“Once we were a thousand separate kingdoms, spread over a hundred magic worlds. We were kings and cobblers. Wizards and woodcarvers. We had our sinners, our saints, and our blatant social climbers. And from the grandest lord to the lowliest peasant girl, we were, for the most part, strangers one to another.”
“It took an invasion to unite us.”
Reimagining fairy tales is not necessarily a new endeavor. They have ranged from the cute and fun “Tangled” to the popular TV series “Once Upon A Time” to the strange action-oriented stuff like “Hansel & Gretel: Witch Hunters.” Authors like Neil Gaiman (“Snow Glass Apples”), Anne Rice (The Claiming of Sleeping Beauty) and Alan Moore (Lost Girls) have taken their shot at spinning these classic tales as often darker, more sexual and more dangerous than their original versions allowed. It’s the nature of these stories that they’re rich enough to withstand being reworked in new ways by new creative forces and still retain a lot of their potency.
Like many, I was first exposed to Bill Willingham’s Eisner Award winning series Fables through Telltale Games’ great game “The Wolf Among Us.” It is a wonderful game that acts as a prequel to the series and lets you into the world of Fabletown and its various inhabitants. That said, even without playing a minute of the game, the first volume of the series, titled “Legends in Exile”, acts as a solid introduction to the series.

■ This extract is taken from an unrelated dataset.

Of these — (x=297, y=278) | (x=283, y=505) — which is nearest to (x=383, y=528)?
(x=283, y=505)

Fables tells the tale of the denizens of Fabletown, beings and creatures out of the fables and fairy tale stories of old. Centuries ago, an unknown and powerful being dubbed “The Adversary” marched upon their various lands and conquered, enslaved and killed many of the fairy folk. Those lucky enough to escape found their way to New York City, where they founded a new community: Fabletown. Refugees in a strange and dangerous new land, the fable folk took to finding new positions within their community or the normal (aka the mundane or “mundy”) world as best they could. Some managed to escape with their vast wealth intact while others left with nothing but the clothes on their backs. This has created a stratified society where some live in relative luxury while others scrounge just to get by.